Hacker News new | past | comments | ask | show | jobs | submit login

My pet project is to take these ideas and go to the logical end, arriving at a systolic array I call a BitGrid.

It's a Cartesian grid of 4 bit look up tables, with bits to/from each neighbor. This allows each output to be independent, maximizing utilization.

To solve timing issues, each cell would be clocked, with 2 phases for the grid, in a checkerboard pattern. This makes all inputs stable, and timing deterministic. Unlike an FPGA, latency is not the primary limit of performance, as everything is thus pipelined.

I wrote a simulator, and started learning VHDL in order to program an FPGA board I bought for prototyping the concept. My eventual goal is an ASIC through tiny tapeout.

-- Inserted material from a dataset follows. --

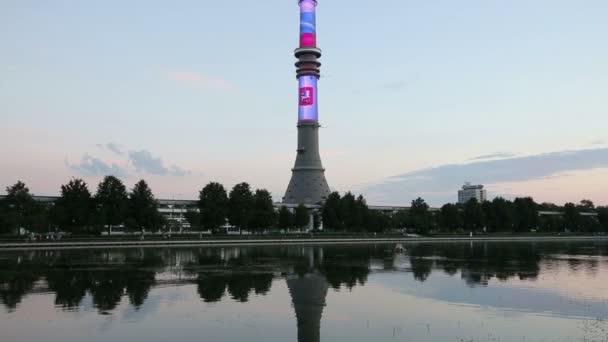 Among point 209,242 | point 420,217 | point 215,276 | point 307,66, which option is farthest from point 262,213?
point 215,276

The big software hurdle is compiling expressions into a directed graph of bitwise operations.

Because data only travels to the neighbors, all the lines in a chip are short, and it should be possible to use far fewer metallization layers in an actual chip than a CPU for example.

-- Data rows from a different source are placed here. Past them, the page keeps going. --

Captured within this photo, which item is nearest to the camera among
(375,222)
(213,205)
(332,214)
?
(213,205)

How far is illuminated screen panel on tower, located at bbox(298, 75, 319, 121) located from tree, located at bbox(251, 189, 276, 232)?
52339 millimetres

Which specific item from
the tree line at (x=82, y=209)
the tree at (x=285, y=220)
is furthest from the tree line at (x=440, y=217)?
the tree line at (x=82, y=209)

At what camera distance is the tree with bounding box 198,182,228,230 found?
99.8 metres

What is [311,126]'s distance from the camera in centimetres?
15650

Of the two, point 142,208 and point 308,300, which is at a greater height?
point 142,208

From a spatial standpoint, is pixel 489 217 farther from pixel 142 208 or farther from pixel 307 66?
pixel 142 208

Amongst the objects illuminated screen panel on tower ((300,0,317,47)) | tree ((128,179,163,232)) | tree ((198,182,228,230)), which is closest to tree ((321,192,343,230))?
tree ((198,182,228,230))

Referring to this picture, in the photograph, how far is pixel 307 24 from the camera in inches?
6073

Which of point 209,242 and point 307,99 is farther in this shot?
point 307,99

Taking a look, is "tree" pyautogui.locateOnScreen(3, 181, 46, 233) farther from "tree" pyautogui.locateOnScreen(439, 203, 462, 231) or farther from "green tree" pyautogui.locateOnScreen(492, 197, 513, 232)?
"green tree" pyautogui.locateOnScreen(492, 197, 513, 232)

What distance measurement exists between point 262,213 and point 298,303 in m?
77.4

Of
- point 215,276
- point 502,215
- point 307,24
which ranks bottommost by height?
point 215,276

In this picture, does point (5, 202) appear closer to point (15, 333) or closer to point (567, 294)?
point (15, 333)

https://tinytapeout.com/ now lest you purchase additional tiles for $50, each tile supports about 1k digital logic gates.

Next one closes June 1.

https://tinytapeout.com/faq/

You might enjoy this talk from the last Latchup on Wave Pipelining

https://fossi-foundation.org/latch-up/2024#riding-the-wave-b...

https://www.cs.princeton.edu/courses/archive/fall01/cs597a/w...

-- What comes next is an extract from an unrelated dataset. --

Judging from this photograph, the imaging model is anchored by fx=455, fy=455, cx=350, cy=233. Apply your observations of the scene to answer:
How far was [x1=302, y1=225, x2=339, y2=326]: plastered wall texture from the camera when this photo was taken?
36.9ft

I think the problem with such an architecture is that latency isn't a limit on timing closure from a hardware sense now, but you still have to consider it now from the software compilation perspective, and it might severely impact performance.

From what I've thought about this, the problem applies to any high fanout signal. For instance, if you want to implement a multiplexer for two n-bit operands, you'll need the select bit to be in ~n places at once (if you compile the n-bit multiplex into n 1-bit multiplexes). Compiling LUTs to route this select signal to the right places in the grid synchronously with the arrival of the data signals is complex and amounts to a similar sort of problem one faces with hardware compilation (akin to setup timing). In this architecture, you're replacing actual routing resources (wires) with LUT entries. Instead of considering the propagation of a signal down a wire in terms of nanoseconds, you'll be thinking about it in terms of cycles to traverse the grid. Unless the clock rate is absurdly high, signals like this will probably cause a performance problem for your design.

FPGAs/ASICs also have a problem of this flavor but it generally only happens for one signal: the clock. FPGAs address this by not using regular routing resources for the clock, and instead using special, pre-routed nets for clock distribution. I imagine you'd probably need a solution like this to deal with high fanout signals in an efficient way.


What you're describing is a cellular automaton, in the same vein as of Conway's Game of Life. You can do lots of interesting things with those, but it's emphatically not where I'd start for a flexible computing platform.

Why not go the extra mile, and make each tile a small CPU? There's a Zachtronics have called TIS-100 with this premise.

https://store.steampowered.com/app/370360/TIS100/


Because each cell has it's own state, and 64 bits of "program" (16 bits in each of the 4 LUTs), it's unlike the game of life, where the rule is the same for each cell.

I looked at a lot of choices for architecture, and wanted to allow data paths to cross without conflict, and the 4 in/4 out choice worked best without going too far.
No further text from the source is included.